Basic estimation equation When the x variables are measured as deviations from their means it is easy to show that the sample covariance matrix for x, represented by S, can be decomposed as follows: • Σ = ΛΦΛ’ + Θ where Φ (phi) represents the covariance matrix of the ξ factors and Θ (theta) represents the covariance matrix of the unique factors δ). Estimation proceeds by finding the parameters Λ , Φ , and Θ so that predicted x covariance matrix Σ (sigma) is as close to the sample covariance matrix S as possible.
Estimation Several different fitting functions exist for determining the closeness of the implied covariance matrix to the sample covariance matrix, of which maximum likelihood is the most common. A full discussion of the topic in the context of CFA is available in Bollen (1989, chapter 7), including some necessary and sufficient conditions for identification.
ML estimation Maximum Likelihood Method.
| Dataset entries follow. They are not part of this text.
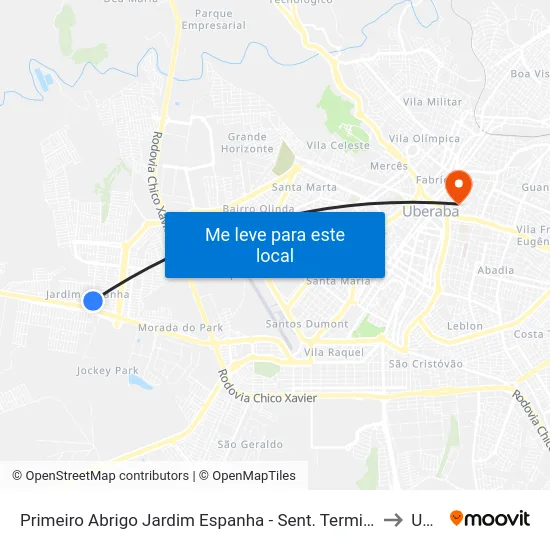 Primeiro Abrigo Jardim Espanha - Sent. Terminal Beija-Flor (Av. Vereador José Osório Guimarães) to Uberaba map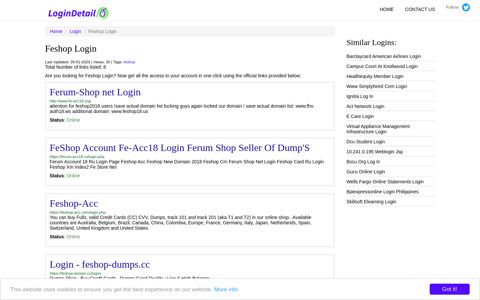 Feshop Login Ferum-Shop net Login - http://www.fe-acc18.org/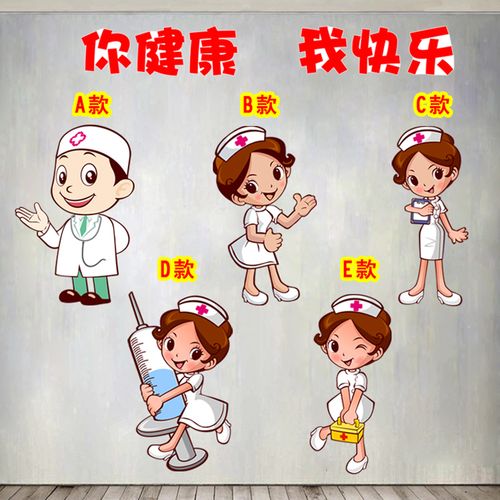 医院门诊室输液室卫生院护士站墙贴卡通小护士形象男医生贴纸贴画
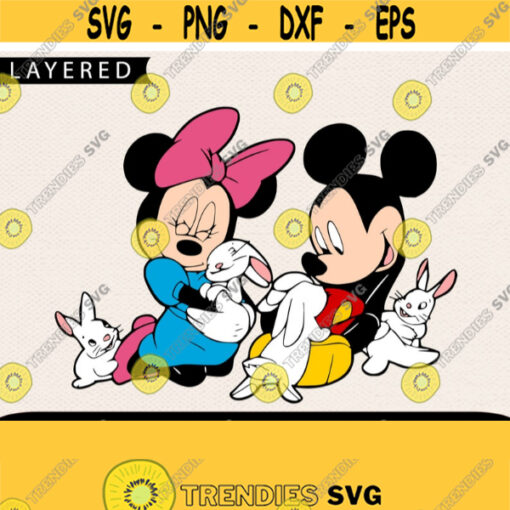 Minnie And Mickey Bunny Svg Easter Svg Bunny Svg Mickey Svg Mickey Easter Svg Cricut Files Easter Disney Svg Disney Svg Svg For Kids Design 191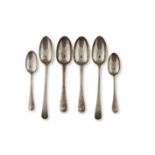 A set of twenty-two matched George III silver tablespoons Marks rubbed, some London 1774, probab...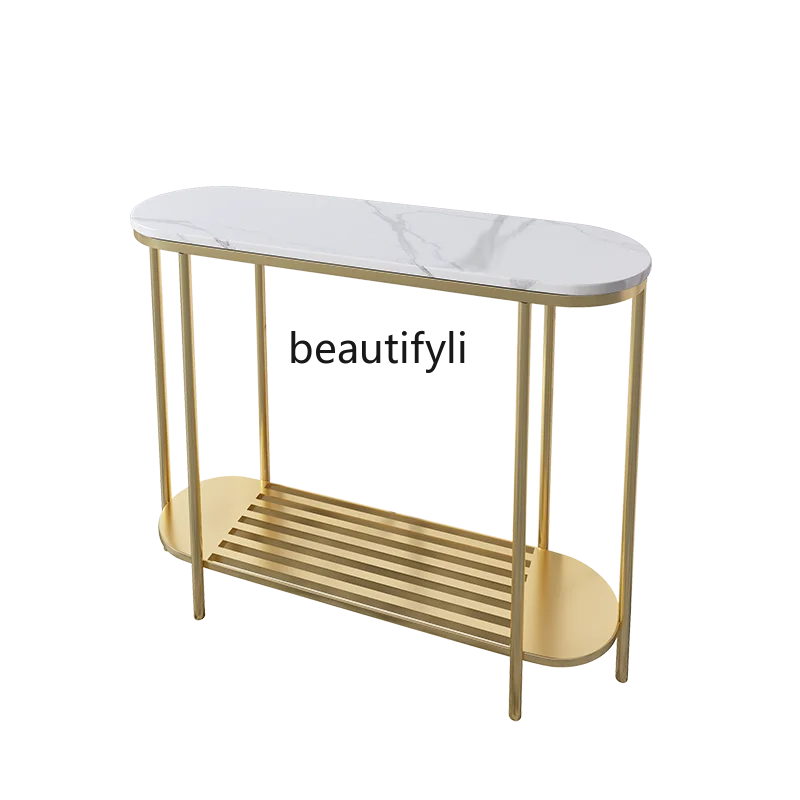 

HJ Marble Side View Table Entrance Curio Cabinet Double-Layer Iron Ultra-Narrow against the Wall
The method of maximum likelihood (the term first used by Fisher, 1922a) is a general method of estimating parameters of a population by values that maximize the likelihood (L) of a sample.
Fit statistics A goodness-of-fit tests evaluate the model in terms of the fixed parameters used to specify the model, and acceptance or rejection of the model in terms of the overidentifying conditions in the model. Basic assessment: Chi square/degrees of freedom ratio tests the hypothesis that the model is consistent with the pattern of covariation among the observed variables; smaller rather than larger values indicate a good fit. Goodness-of-fit index (GFI): a measure of the relative amount of variances and covariances jointly accounted for by the model; the closer the GFI is to 1.00, the better is the fit of the model to the data.